Michael et Blaise se rendirent par portoloin sur la terrasse nord près du lac du château Potter. Michael et Blaise marchaient le long du chemin de pierre quand ils virent deux personnes sur des balais volant à une vitesse folle et faisant des manœuvres acrobatiques à en perdre son petit déjeuner. Il put voir la chouette d'Harry, Hedwige voler vers eux. Michael regarda son fils, mais contrairement à lui, il semblait captivé par leurs vols. Ça doit être la jeunesse, pensa-t-il. Ils atteignirent finalement la porte et entrèrent dans le parloir. Michael leva les yeux et vit sa fille cadette et sa femme marcher vers eux.

Michael marcha vers sa femme et lui donna un léger baiser. Il dit ensuite, « Je dois discuter avec Harry, sais-tu où il est ? »

Xenna répondit, « Oui, Harry et Xiana volent sur leurs nouveaux balais. Je suis désolé, mon amour mais tu vas devoir attendre comme tout le monde jusqu'à lundi matin pour parler à Harry. »

Michael fronça les sourcils et dit, « Pourquoi ? »

« Ta fille a besoin d'un peu de temps seule avec son mari. Xiana a fait une crise de nerf hier. Sa grossesse, la guerre, le journal, les longues heures loin d'Harry et tout le reste l'ont poussé à bout. Elle a besoin de temps au calme avec Harry et je vais faire en sorte qu'elle l'obtienne. A moins d'un désastre imminent, personne n'ira embêter ma fille et mon gendre ce week-end, est-ce que c'est clair ? » répondit Xenna.

Michael hocha simplement la tête et dit finalement, « Pas de problèmes, ma chérie. Je peux certainement attendre jusqu'à lundi pour voir Harry. Hé bien, puisque nous sommes ici, Je suis sûr que Blaise et moi aimerions une tasse de café. »

Sa femme suivait la plupart du temps simplement le courant. Cependant, quand elle se penchait sérieusement sur quelque chose, il valait mieux se tenir hors de son chemin. Maintenant, si elle le prenait à cœur il était pus sûr de se tenir hors de sa ligne de mire. Quand elle le voulait, elle était véritablement effrayante. C'était une des nombreuses choses que ses filles avaient héritées de leur mère.

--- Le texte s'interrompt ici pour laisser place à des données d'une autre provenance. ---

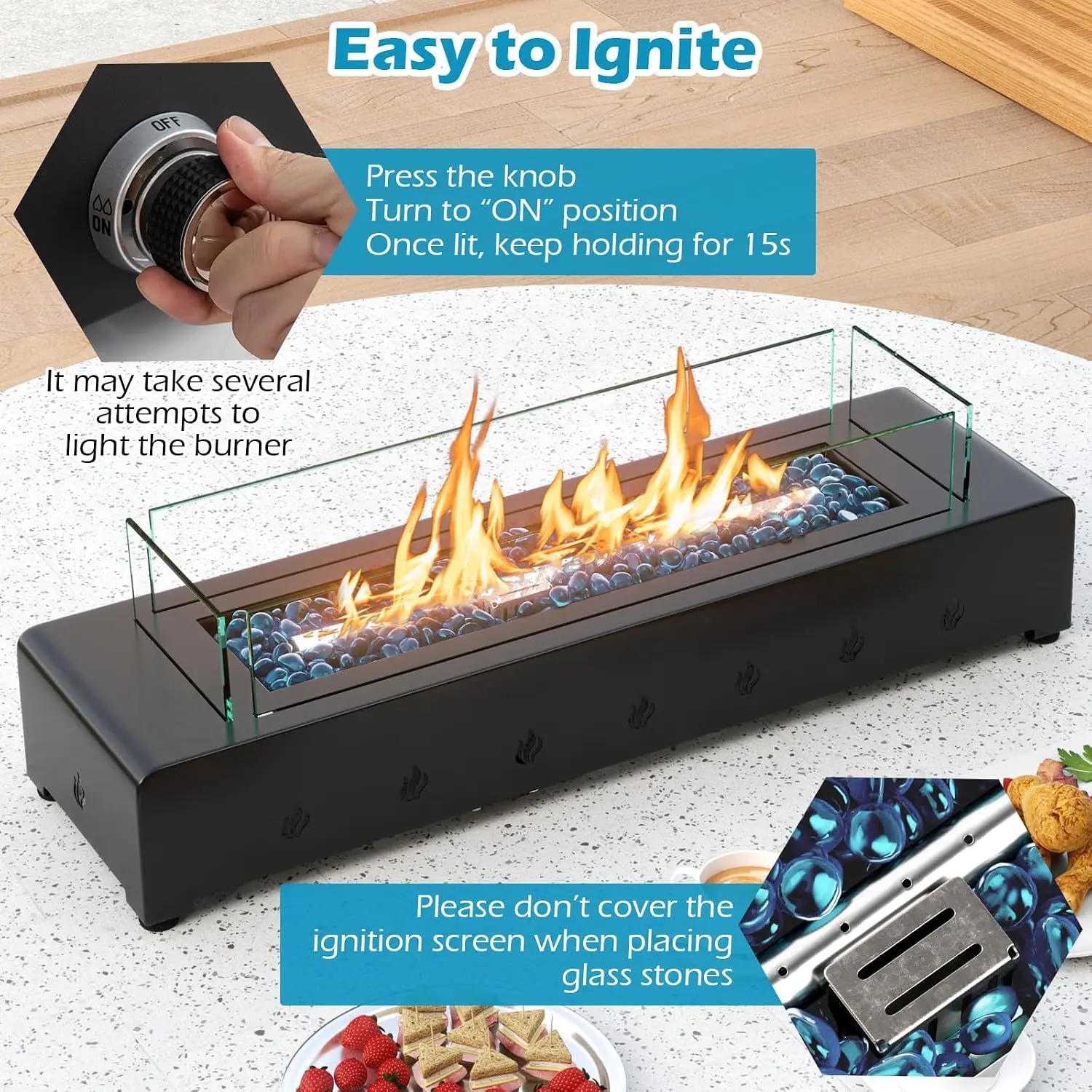 Fogueira de Mesa a Propano de  - Fire Pit Bowl avaliação e preço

Ils se mirent tous à l'aise et prirent du café et des petits gâteaux. Ils se racontèrent les derniers potins et parlèrent d'Harry et de Xiana. Il s'avéra que Michael n'était pas particulièrement heureux de voir sa fille aînée enceinte faire des acrobaties aériennes, malgré qu'elle ait tordu le bras d'Harry pour le faire. Sa fille aînée avait toujours été impulsive. Ils parlèrent de l'imminence du procès qu'Harry avait engagé contre Dumbledore et de la façon dont ils allaient attirer les membres dissidents du Magenmagot dans leur camp.

Michael, Brianna et Blaise partirent peu après qu'ils aient terminés. Xenna garda le fort.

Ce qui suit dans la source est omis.